NEW: Republican Voters Against Trump
We are elevating the voices of former Trump voters who have had enough of Donald Trump and will never vote for him again. pic.twitter.com/agN4DODyB9
— Republican Voters Against Trump (@AccountableGOP) March 12, 2024
Comportements frauduleux
Si une grande majorité des témoins mentionne l’assaut du 6 janvier, certains se montrent plus consternés par les comportements frauduleux du candidat républicain. Dave s’exprime depuis la Pennsylvanie pour pointer les déboires judiciaires de son candidat: « Je suis républicain conservateur, mais je ne supporte pas les mensonges, les tricheries et les activités illégales que Trump perpétue ». Nathan, un jeune électeur de l’Ohio, appelle à la raison: « Vous pouvez rester républicain, mais s’il vous plait, votez Joe Biden ».
Interviewée par le New York Times, la fondatrice du groupe politique, Sarah Longwell, souligne avec force que ces témoins sont bien plus que des électeurs républicains. « Ce sont des électeurs de Trump.
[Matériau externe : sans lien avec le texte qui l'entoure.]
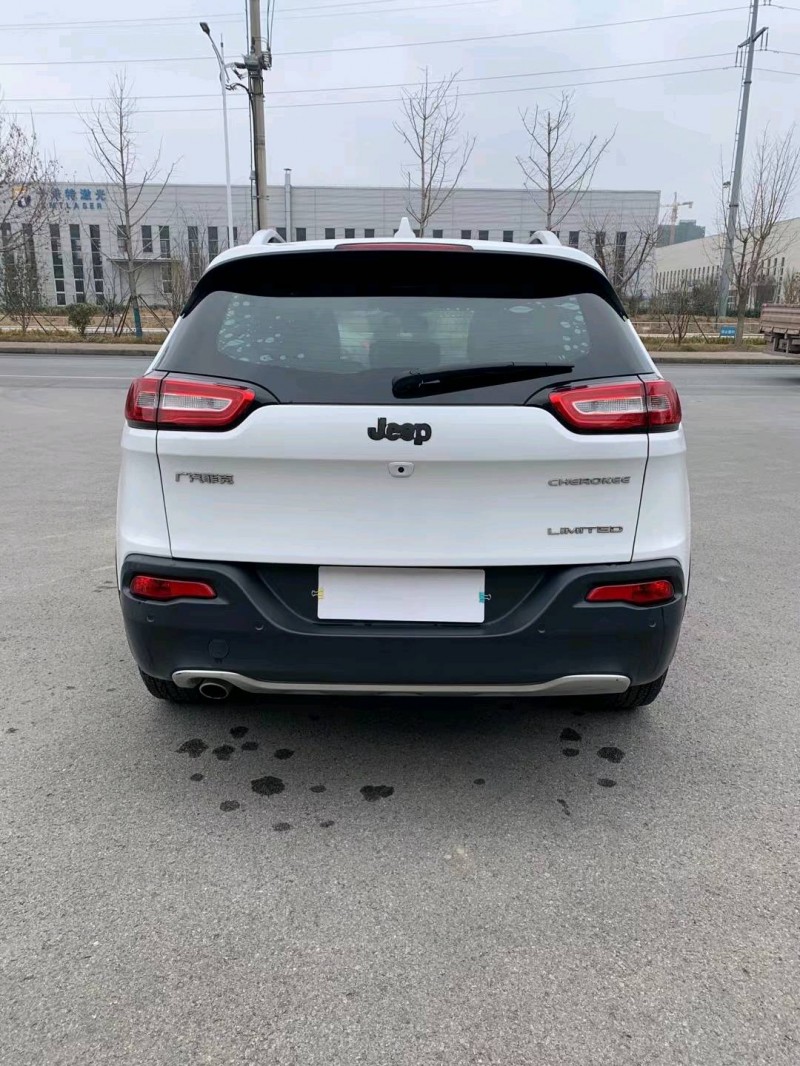 宿遷18年Jeep自由光7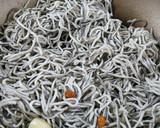 Foto del paso 3 de la receta: Revuelto de gulas con huevo y patatas 😬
Ils ont voté Trump au moins une fois et affirment publiquement qu’ils ne le feront plus jamais ».
Contrairement aux organisations démocrates, le « Republican Voters Against Trump » ne se contente pas de soutenir Biden en faisant la promotion de son bilan. Le travail réalisé est plus minutieux, plus sensible. En donnant la parole aux électeurs déçus, le groupe élargit le spectre et s’adresse à une manne de votants potentiellement plus large. Parmi les 100 vidéos postées sur le site, on trouve des anciens pro-Trump de tous âges, tous Etats, tous parcours, mais ils partagent ce même sentiment d’avoir été trahis par Donald Trump. Certains confient même sentir une certaine gêne lorsqu’ils doivent mentionner leur appartenance politique.

L’assaut du Capitole
Selon Mme Longwell, le témoignage personnel est plus efficace que la publicité traditionnelle qui envahit l’espace public en période de campagne. « Il est très important que les intervenants comprennent qu’on ne construit pas une coalition pro-Joe Biden. Nous construisons une coalition anti-Trump », a-t-elle déclaré.
D’ailleurs, on ne retrouve dans ces vidéos que très peu de politique dure. Les intervenants ne font pas l’éloge de Biden, ils n’évoquent pas les grands sujets de la campagne comme le droit à l’avortement, l’inflation ou l’immigration. L’assaut du Capitole semble avoir été le vrai point de non-retour pour une majorité des intervenants.
Cette nouvelle campagne anti-Trump (dont le coût est évalué à 50 millions de dollars) met en lumière une division profonde au sein du parti républicain. Une division incarnée par Nikki Haley qui n’a pourtant pas convaincu son électorat d’opter pour une voie plus progressiste face à la radicalité de Donald Trump. Après le Super Tuesday, force est de constater que l’électorat républicain est resté largement fidèle à son ancien président.